Short descriptive text snippets:
··········

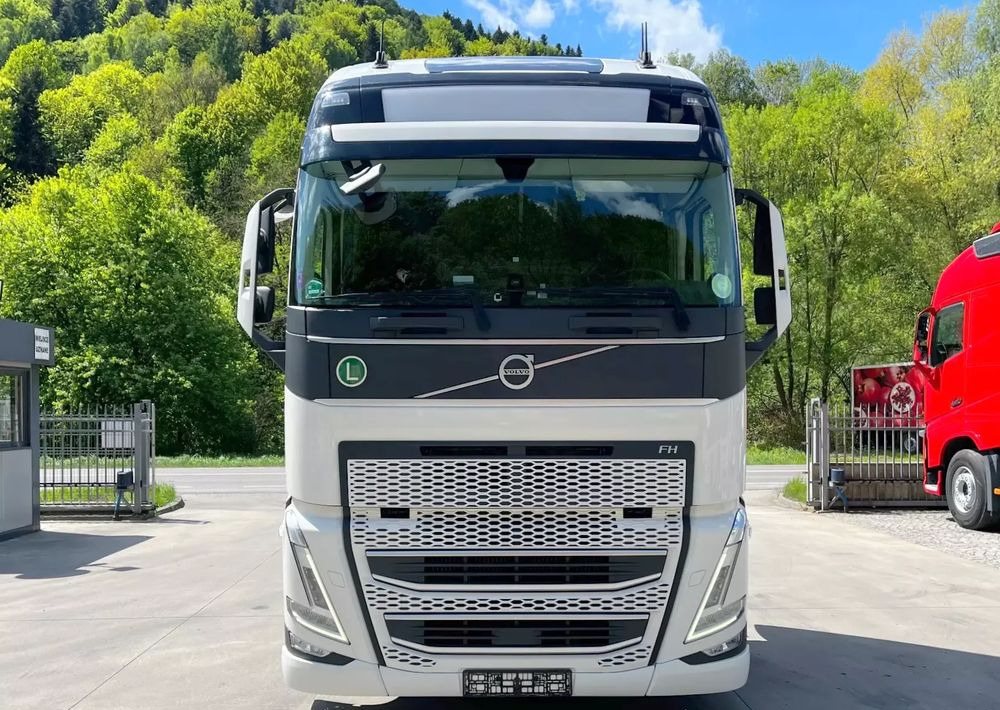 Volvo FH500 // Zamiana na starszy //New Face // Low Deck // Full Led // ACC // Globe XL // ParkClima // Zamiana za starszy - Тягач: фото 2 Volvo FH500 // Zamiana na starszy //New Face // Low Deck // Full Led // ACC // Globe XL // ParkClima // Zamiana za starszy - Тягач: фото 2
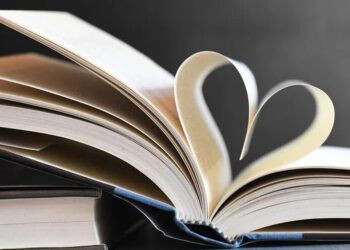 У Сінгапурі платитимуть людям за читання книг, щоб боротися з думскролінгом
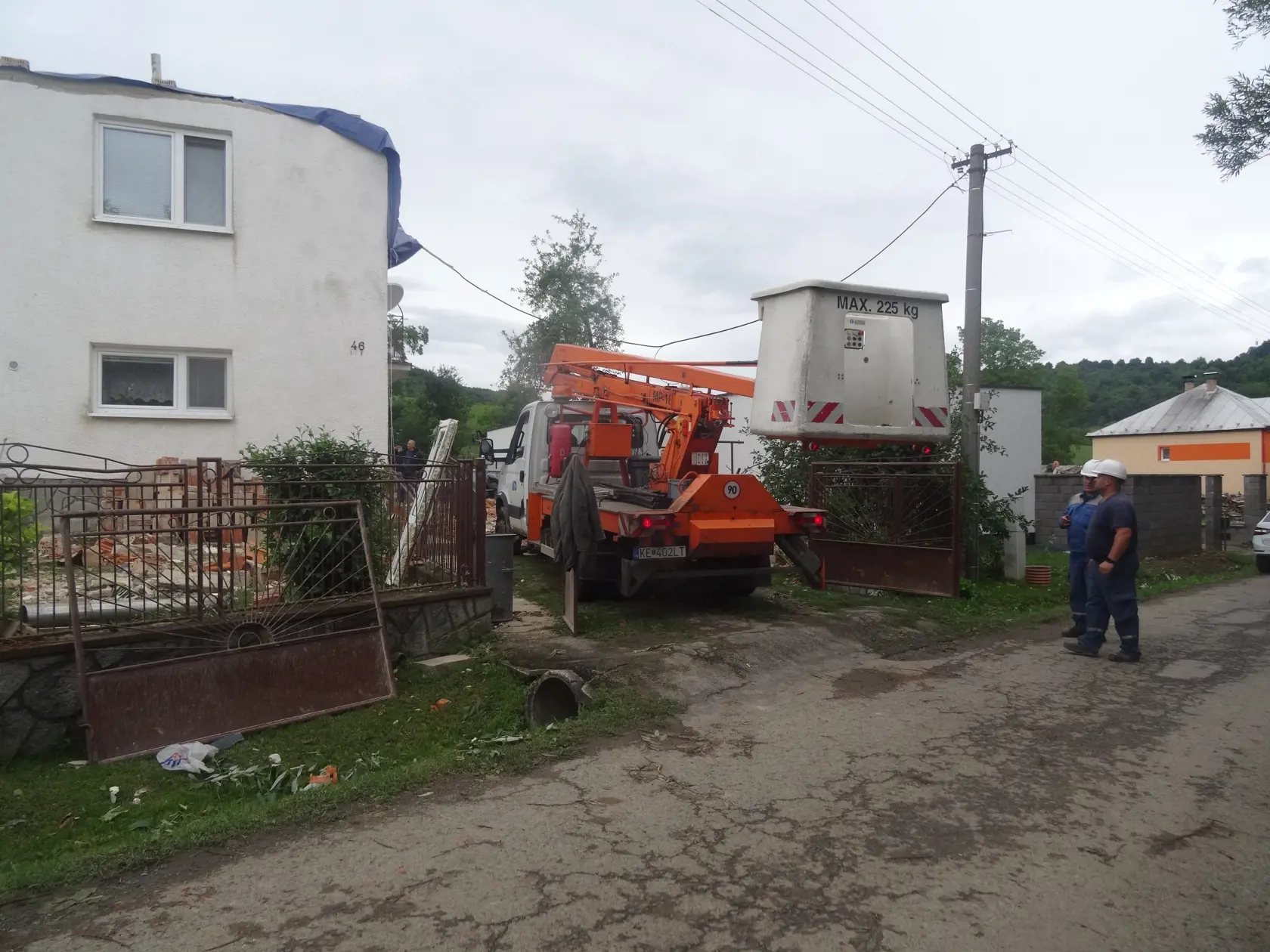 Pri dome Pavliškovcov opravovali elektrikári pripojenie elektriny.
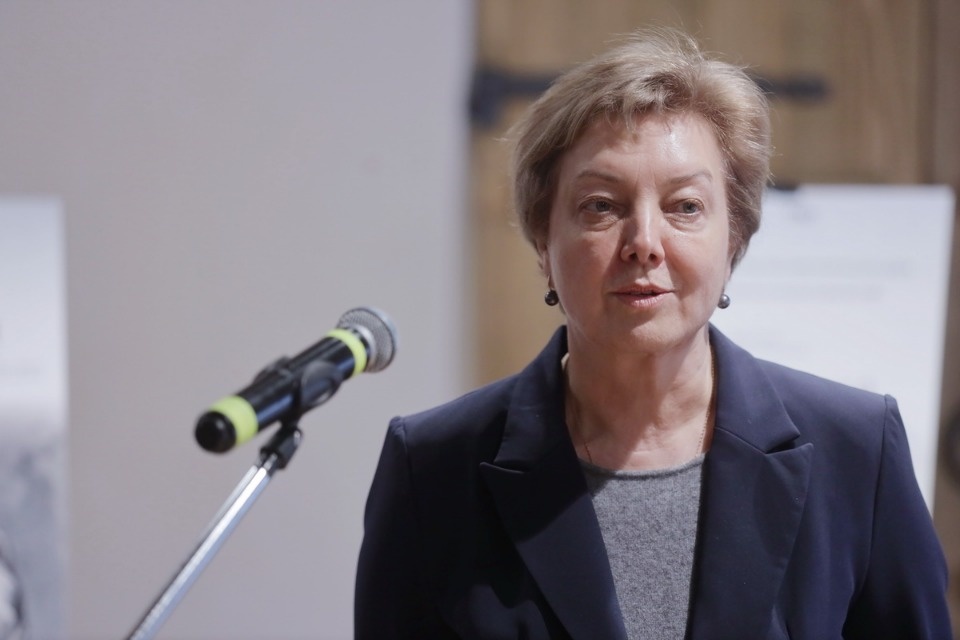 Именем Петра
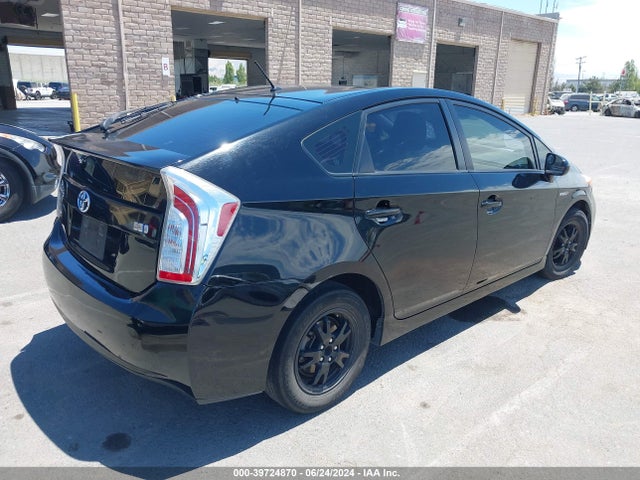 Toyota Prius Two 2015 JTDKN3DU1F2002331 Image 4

··········

▶ **WHAT YOU NEED TO DO**: Output all of the data word for word, excluding any pictures.

▶ **RESULT OF THIS EXERCISE**:
 Volvo FH500 // Zamiana na starszy //New Face // Low Deck // Full Led // ACC // Globe XL // ParkClima // Zamiana za starszy - Тягач: фото 2 Volvo FH500 // Zamiana na starszy //New Face // Low Deck // Full Led // ACC // Globe XL // ParkClima // Zamiana za starszy - Тягач: фото 2
 У Сінгапурі платитимуть людям за читання книг, щоб боротися з думскролінгом
 Pri dome Pavliškovcov opravovali elektrikári pripojenie elektriny.
 Именем Петра
 Toyota Prius Two 2015 JTDKN3DU1F2002331 Image 4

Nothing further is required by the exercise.